Team captained by Huang Fuqiang, chief researcher at the Shanghai Institute of Ceramics of Chinese Academy of Sciences, assembles the composite material at the Shanghai Institute of Ceramics of Chinese Academy of Sciences in east China's Shanghai, April 24, 2018. A new composite material developed by a group of Chinese researchers has proved highly effective in cleaning water contaminated by organics. (Xinhua/Ding Ting)

A new composite material developed by a group of Chinese researchers has proved highly effective in cleaning water contaminated by organics.

During the past month, the composite material, a mixture of black titania and three-dimensional (3D) tubular graphene, was used to clean a 40,000-square-meter area of water in east China's Shanghai, Anhui, and Jiangsu as part of a pilot scheme.

Excessive organics, such as ammonia and nitrogen, can consume a large amount of oxygen in the water and generate stinky substances that kill aquatic life. Without human intervention, sunlight can naturally degrade organics to water and carbon dioxide, but the process requires months to years, depending on different degrees of pollution.

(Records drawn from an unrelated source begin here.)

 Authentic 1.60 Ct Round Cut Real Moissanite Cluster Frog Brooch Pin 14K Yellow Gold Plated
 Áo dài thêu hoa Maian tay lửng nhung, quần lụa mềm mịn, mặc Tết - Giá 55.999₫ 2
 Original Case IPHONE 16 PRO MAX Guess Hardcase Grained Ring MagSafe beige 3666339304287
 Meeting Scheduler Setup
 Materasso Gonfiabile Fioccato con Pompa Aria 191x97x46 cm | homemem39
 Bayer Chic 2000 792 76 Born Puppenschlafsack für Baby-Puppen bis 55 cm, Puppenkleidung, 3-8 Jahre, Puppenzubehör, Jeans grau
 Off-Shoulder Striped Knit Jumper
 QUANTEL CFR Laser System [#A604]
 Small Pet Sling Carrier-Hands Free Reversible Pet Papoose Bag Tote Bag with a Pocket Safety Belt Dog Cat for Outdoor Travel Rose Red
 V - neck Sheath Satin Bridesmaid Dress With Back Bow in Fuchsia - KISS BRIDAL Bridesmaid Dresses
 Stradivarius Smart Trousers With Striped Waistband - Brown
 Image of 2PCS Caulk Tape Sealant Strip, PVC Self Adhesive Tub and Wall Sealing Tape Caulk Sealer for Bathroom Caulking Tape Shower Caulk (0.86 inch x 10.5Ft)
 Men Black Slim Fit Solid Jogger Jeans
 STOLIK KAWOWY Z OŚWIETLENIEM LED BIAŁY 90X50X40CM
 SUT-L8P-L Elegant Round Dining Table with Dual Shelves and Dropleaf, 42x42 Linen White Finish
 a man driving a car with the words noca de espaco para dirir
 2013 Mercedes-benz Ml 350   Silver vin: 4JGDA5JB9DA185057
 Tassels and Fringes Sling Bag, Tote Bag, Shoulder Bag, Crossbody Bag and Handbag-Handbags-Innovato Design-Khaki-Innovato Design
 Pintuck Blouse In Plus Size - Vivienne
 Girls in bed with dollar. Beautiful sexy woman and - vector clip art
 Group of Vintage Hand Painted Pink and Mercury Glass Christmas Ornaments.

Results of the trial showed that the material, which accelerates the process, can significantly improve water quality within two weeks, said Huang Fuqiang, chief researcher at the Shanghai Institute of Ceramics of Chinese Academy of Sciences.

Black titania serves as an efficient visible-light catalyst, while the 3D graphene can "catch" organics, Huang said.

The material was used in two parks in Shanghai, where lakes suffered excessive organics caused by the accumulation of fallen leaves. Residents often complained about dead fish floating on the lakes.

Monitoring data showed indexes such as chemical oxygen demand, ammonia and nitrogen levels, and phosphorus levels improved seven days after use.

Excessive organics can also be caused by discharge of wastewater generated by families and agricultural and industrial production.